The Women’s March has been in crisis mode for about a year. Yet, revelation of anti-Semitism among it’s founders (check out this jaw dropping piece in The Tablet for more info) has created a healthy conversation about what motivates the founders of the Women’s March and why they constantly limit the “types” of women and groups that can be a part of the march (no conservatives, no Jews, no groups that might contradict their script).
One would assume Women’s March founders Tamika Mallory and Bob Bland would happily use their time as guests of The View to push back on this narrative. After all, The View has pretty decent ratings so this was a good opportunity to change the story and present the Women’s March as more inclusive and celebratory of all women.

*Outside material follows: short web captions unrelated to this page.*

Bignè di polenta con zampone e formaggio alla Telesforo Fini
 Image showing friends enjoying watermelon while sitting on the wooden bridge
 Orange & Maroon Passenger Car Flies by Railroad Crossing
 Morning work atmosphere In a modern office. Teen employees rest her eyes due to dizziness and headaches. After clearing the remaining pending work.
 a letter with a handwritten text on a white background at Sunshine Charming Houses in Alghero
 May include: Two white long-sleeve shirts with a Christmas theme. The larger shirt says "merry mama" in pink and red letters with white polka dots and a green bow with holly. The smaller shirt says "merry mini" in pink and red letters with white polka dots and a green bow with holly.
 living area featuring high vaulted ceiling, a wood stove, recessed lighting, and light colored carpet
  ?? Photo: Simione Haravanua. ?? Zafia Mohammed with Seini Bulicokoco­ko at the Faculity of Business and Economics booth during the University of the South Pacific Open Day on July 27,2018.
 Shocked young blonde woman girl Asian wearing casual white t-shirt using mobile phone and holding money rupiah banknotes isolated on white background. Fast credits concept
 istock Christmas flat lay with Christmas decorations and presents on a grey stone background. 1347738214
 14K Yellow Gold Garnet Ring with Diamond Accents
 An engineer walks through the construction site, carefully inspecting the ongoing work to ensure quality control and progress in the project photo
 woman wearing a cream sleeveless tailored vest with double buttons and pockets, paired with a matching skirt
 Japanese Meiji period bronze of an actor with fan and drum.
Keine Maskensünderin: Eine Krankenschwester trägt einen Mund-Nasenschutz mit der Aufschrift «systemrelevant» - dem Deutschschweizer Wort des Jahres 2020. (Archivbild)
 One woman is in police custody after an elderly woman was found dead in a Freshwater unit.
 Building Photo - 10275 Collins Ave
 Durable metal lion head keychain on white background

Yet, clips from this morning’s program show just the opposite. When View co-host Meghan McCain questioned Mallory about her affection for Nation of Islam founder and noted anti-Semite Louis Farrakhan, Mallory becomes instantly defiant and defensive—not contrite, as a reasonable person might expect. Watch her response here:
It’s important to note that McCain was armed with some pretty damning evidence. For instance, McCain asked her about a picture Mallory posted on Instagram posing next to Farrakhan at Savior Day with the caption: “Thank God this man is still around and doing well. He is definitely the GOAT” – an acronym for “greatest of all time.”
What’s that again? Greatest of all time? For a man who hates gays, describes Jews as termites, and thinks Hitler was a “very great man.”
When reminded of her slobbering love for Farrakhan, Mallory simply deflected, saying that since she didn’t say those things about the Jews, she really shouldn’t have to answer for another person’s comments—a person she likes to cuddle up to and call the GOAT.
Thank you, Eva Braun. That’s a swell answer.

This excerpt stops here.